_What is required_
Could you filter the records below down to the lines that include the word "Color"?
Given data: Begin
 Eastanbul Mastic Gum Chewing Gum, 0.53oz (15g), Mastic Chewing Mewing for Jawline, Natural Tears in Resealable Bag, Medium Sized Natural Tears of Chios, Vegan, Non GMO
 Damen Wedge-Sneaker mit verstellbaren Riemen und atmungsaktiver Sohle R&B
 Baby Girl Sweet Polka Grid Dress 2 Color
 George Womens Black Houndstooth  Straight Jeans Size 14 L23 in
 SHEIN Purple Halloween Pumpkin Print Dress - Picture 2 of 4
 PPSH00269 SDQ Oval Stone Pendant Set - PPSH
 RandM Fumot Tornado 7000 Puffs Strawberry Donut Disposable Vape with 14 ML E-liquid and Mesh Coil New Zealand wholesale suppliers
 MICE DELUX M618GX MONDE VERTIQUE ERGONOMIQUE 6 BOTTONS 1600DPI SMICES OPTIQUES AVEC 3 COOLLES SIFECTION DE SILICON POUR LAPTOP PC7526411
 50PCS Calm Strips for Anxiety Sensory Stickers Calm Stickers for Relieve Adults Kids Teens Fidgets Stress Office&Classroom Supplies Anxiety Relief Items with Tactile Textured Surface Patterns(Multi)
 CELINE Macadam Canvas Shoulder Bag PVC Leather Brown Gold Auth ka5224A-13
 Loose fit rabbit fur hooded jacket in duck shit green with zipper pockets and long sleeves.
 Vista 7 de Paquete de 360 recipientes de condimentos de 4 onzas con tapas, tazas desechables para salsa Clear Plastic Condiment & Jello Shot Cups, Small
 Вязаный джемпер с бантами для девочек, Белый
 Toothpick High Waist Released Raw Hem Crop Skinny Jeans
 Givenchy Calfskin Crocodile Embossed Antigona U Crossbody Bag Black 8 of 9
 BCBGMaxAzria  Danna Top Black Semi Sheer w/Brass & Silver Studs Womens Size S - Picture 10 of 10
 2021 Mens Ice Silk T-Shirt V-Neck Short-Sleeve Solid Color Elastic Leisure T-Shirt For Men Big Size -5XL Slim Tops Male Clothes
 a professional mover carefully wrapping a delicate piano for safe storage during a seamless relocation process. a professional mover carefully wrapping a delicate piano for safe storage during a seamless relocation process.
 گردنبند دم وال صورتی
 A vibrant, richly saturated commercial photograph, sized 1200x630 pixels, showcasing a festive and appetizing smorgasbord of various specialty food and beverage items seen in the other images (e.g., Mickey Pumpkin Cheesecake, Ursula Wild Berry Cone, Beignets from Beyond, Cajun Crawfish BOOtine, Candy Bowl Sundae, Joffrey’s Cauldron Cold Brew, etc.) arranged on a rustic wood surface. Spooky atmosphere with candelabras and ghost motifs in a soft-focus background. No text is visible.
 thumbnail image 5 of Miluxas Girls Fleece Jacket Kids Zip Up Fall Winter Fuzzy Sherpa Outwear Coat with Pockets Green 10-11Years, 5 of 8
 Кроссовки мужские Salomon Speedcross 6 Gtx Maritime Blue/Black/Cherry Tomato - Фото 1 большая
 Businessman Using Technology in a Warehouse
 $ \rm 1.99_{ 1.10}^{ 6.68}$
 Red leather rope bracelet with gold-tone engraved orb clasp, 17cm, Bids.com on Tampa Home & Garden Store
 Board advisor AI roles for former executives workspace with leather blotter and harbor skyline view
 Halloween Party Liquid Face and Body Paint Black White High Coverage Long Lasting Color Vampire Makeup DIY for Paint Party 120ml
Given data: End
_Answer to the exercise_
 Baby Girl Sweet Polka Grid Dress 2 Color
 2021 Mens Ice Silk T-Shirt V-Neck Short-Sleeve Solid Color Elastic Leisure T-Shirt For Men Big Size -5XL Slim Tops Male Clothes
 Halloween Party Liquid Face and Body Paint Black White High Coverage Long Lasting Color Vampire Makeup DIY for Paint Party 120ml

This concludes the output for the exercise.